It’s pretty clear now that we’re heading for the mother and father of all recessions. There’s acres of newsprint and online discussion about the whys, wherefores and such, so I won’t repeat it, but I thought it might be interesting to take a look at what I believe this could mean for our gadget obsessed, consumerised world in the near and not so near future.
Of course it’s not the end of the world and we will survive, however it’s obvious that we’re going to have to start adjusting our thinking and expectations in many different ways as we go forward.
1. Welcome to the Era of the Patient Consumer.
Oherwise known as the death of instant availability. As consumers we have become accustomed to retailers, both online and offline, meeting our needs for product quickly. Underpinning this was the old adage ‘consumption is a function of availability’, which meant that retailers had to keep stock on hand for us, or we would go to their rivals and buy there. The credit crisis is changing all that. We are now starting to experience the onset of more and more retailers running a lean and sometimes deliberately out of stock product policy, as a result of a number of factors –
1. Retailers are desperately unloading expensive stocks in order to lower debt and adjust for an expected slump in consumer demand.
2. Retailers are reluctant to hold stocks during a potentially deflationary spiral where prices fall continuously.
2. Smaller retailers are finding it increasingly difficult to finance their stock purchases and transfers with letters of credit because of banking constipation (see below and http://tinyurl.com/a36khg).
3. Freight consolidation is being hit generally by the downturn. (http://tinyurl.com/729yto). If freight is not moving, then smaller retailers cannot take advantage of spare capacity to move their goods from the Far East to their shelves at competitive prices.

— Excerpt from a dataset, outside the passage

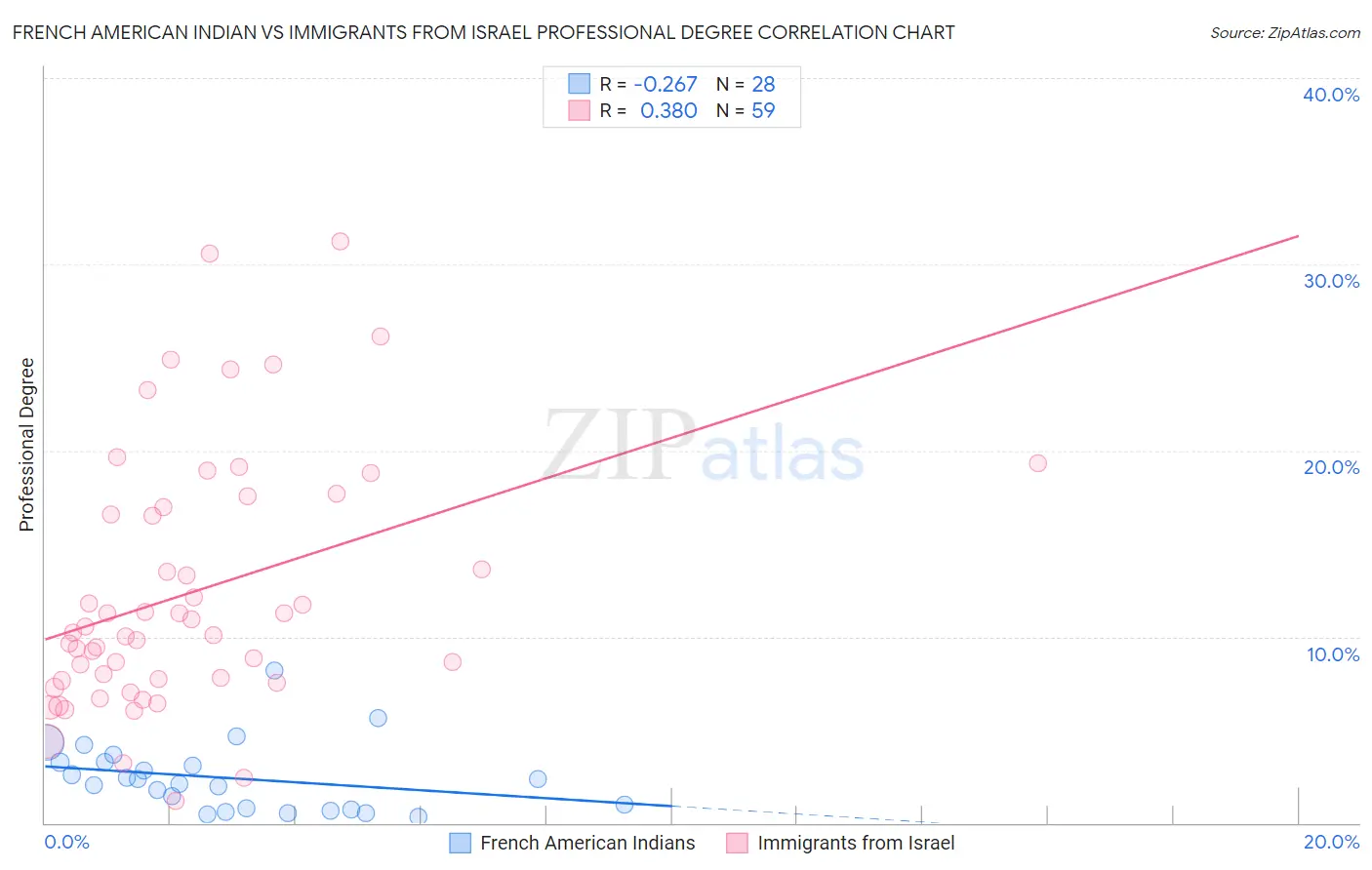 French American Indian vs Immigrants from Israel Professional Degree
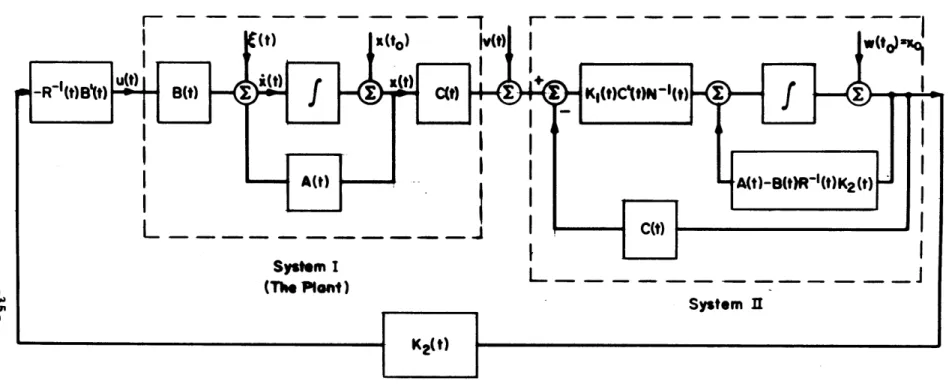 Fig.  2  State-Regulator  Problem  in  the Presence  of Disturbing  and  Observation  Noise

I would expect this process of de-stocking to continue over the next few years as retail becomes reluctant (or unable?) to finance our need for instant gratification, and instead starts to demand that we wait. We should expect to start waiting for up to 21 days or more for our products, perhaps on a sliding scale. The cheaper the product, the longer the wait, the more expensive (and therefore more profitable) the shorter the wait. Take your pick. I have personally experienced several situations recently where consumer durables were out of stock in multiple online and offline stores, as they adjusted in this way. Cheaper products were not on the shelves, while a few of their more expensive alternatives were available. I expect this trend to increase.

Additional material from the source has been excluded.